With aging rock stars preparing to descend like locusts on Africa for the Live 8 jamboree, Brit journalist Peter Hitchens dares to ask: ‘Can the starving children of Africa save our has-been pop stars yet again?’”

The Hitchens column is not available online, but Brendan O’Neill of spiked-online described it: 

“Hitchens’ witty conceit was that Live 8 — an international music-fest fronted by Bob Geldof and Midge Ure to ‘raise awareness’ about the Make Poverty History campaign, a kind of belated sequel to their 1985 effort, Live Aid — was more about feeding pop egos than feeding the world. Once again, he wrote, ‘the hungry, terrorised children of Africa’ are being called upon ‘to help rescue the sagging reputations of that needy and deprived group of balding, clapped-out rock stars who still long for the crowds that once listened to them’ Ouch.”
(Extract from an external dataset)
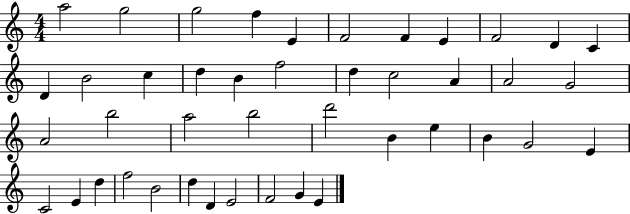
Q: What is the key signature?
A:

The rock stars, dear old things, are probably fairly harmless.

But when G8 leaders gather to discuss Africa next month, the potential for harm is great.

Their topic: “Africa and Climate Change.”
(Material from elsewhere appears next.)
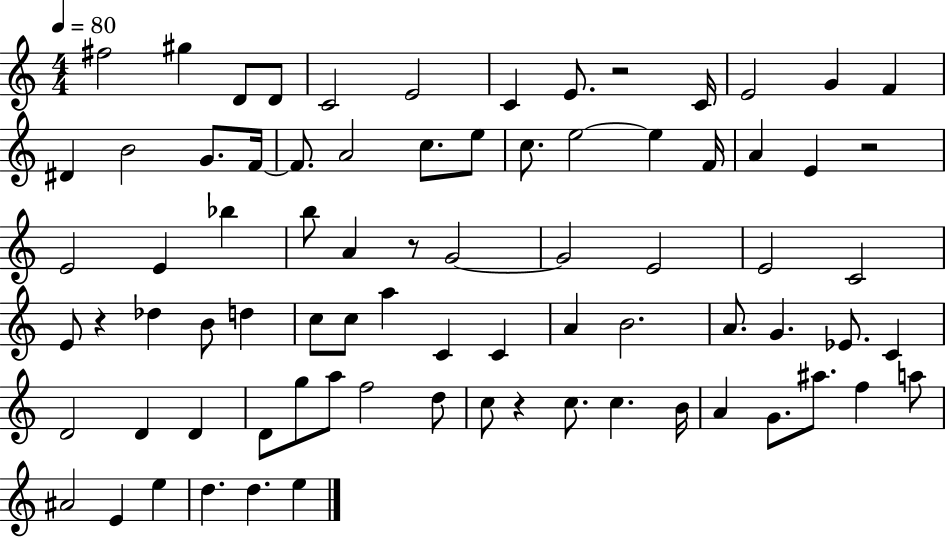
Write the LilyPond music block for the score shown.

Inevitably, they will call for more foreign aid (which will prop up corrupt regimes) and additional climate controls (which will depress private enterprise).
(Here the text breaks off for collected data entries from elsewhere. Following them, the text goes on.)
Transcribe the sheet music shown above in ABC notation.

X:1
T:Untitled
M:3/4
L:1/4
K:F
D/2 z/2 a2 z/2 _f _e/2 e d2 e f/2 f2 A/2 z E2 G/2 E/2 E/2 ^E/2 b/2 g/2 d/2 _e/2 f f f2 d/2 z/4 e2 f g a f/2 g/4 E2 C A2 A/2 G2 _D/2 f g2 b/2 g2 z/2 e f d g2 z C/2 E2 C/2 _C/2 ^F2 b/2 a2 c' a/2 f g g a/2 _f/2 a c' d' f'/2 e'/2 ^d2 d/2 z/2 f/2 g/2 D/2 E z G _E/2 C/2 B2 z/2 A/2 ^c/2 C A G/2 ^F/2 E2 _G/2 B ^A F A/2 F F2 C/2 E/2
Julian Morris of the (London) Spectator explains: 
“Wood and dung are the primary sources of energy in Kenya and much of Africa — providing heat for the home and cooking. Clean fuels such as natural gas and electricity, not to mention central heating and air-conditioning, are luxuries reserved for plutocrats, politicians, and NGOs. Why do so many Africans rely on dirty energy sources? For the same reason that they are poor: their oppressive governments prevent them engaging in mutually beneficial economic activities. It is illegal in most African states to start a business without a license. And licenses are available only to those with government connections.

“Even if it were possible legally to operate a business, few would have the necessary capital. While their governments have been borrowing as if there were no tomorrow, most Africans cannot obtain a loan at any reasonable rate of interest. Those same oppressive, corrupt and incompetent governments prevent them obtaining good title to their land and thus they have nothing to offer as collateral.”

Here’s one thing the G8 leaders could rectify-but won’t: 

“At present, government control of water leads to massively inefficient overuse. Privatising water would force consumers and producers to pay prices that reflect delivery costs, thus providing incentives to use water more rationally and encouraging new methods of production and delivery — such as piping water over longer distances or desalinating seawater.”